Making Sales Growth Predictable, Sustainable & Scalable

Finding Demand Creators

Written by Doug Davidoff | Oct 9, 2009 10:11:45 AM

Earlier this week, I wrote a post about The 5 Levels of Sales Excellence.  It’s generated a lot of discussion, best summed up by this stream of comments:




Doug – you nailed this one. I can tell you that businesses are struggling with the peddlers and commoditizers in their organizations. If they could just find a few Professionals, they would be in heaven. If they could find a Demand Creator, they would have found Utopia.

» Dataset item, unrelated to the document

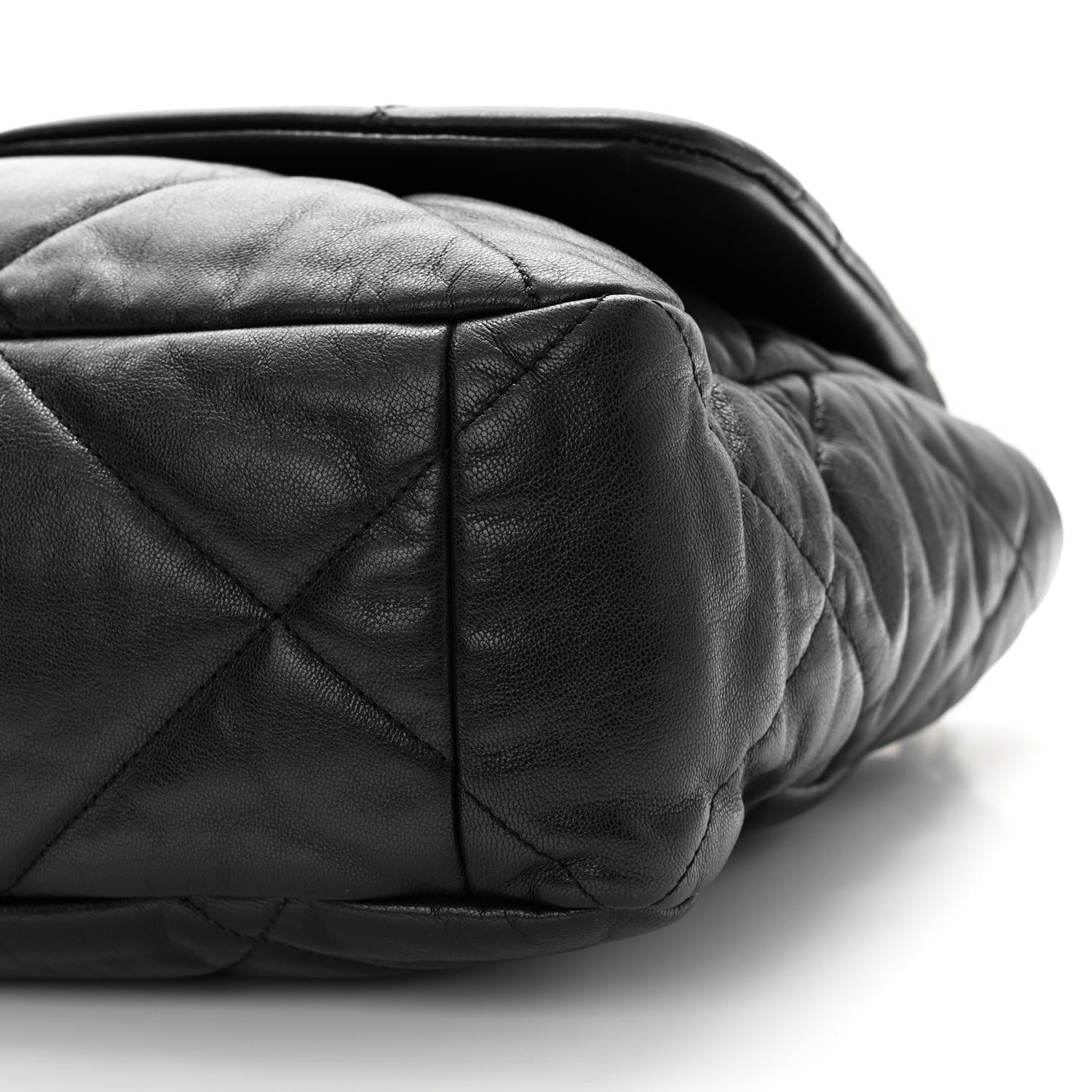 Goatskin Quilted Maxi Chanel 19 Flap Black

So let me ask you. Where does one look? How do we evaluate? And are Demand Creators even available?

 




Rodney, that is a great question. I’ll begin writing the answer now. I’ll post it as soon as it’s done.

 




I thought about my question, and at least in my world working with CEOs through Vistage, I can say with certainty that the Demand Creators tend to be the CEO/Entrepreneur of the organization. They have the skill set. They have the business acumen. They have the connections. And they definitely have the drive. If this is the case, finding individuals out there with Demand Creation skills is likely a very elite and small group.  Your thoughts?


Here are my thoughts:

First and foremost, Demand Creators and even most professionals are very rarely (to a statistically insignificant level) “found”; instead, they are made.  The only meaningful exception to this, as Rodney points out, is found at the CEO and entrepreneur level.  They create demand, most often, because they are the creators of the value for their company and can’t help but go deep and resonate with buyers.  The challenge is that CEO/entrepreneurs create demand in a non-replicable way and that creates a “growth wall” that halts most companies’ growth.

While sales mythology is filled with stories of  “natural” sales superstars, reality rarely lives up to the story.  The only meaningful difference between these natural sales superstars, Demand Creators and unicorns, is that the sales superstar does actually exist; but they are EXTRAORDINARILY hard to find, they are very expensive and they are very difficult to keep happy.  Peter Drucker said you can’t scale a business requiring genius, and the same is true here.

The Critical Element to Make Demand Creators

The prerequisite to make/create Demand Creators is a repeatable, sustainable sales and marketing process.  This is where IBM destroyed its competitors in IBM’s heyday.  IBM was a superior sales organization, not because they hired better sales people (actually, IBM had a huge advantage in their ability to hire younger, less experienced salespeople than their competitors), but because they had a superior process – in the full sense of the word.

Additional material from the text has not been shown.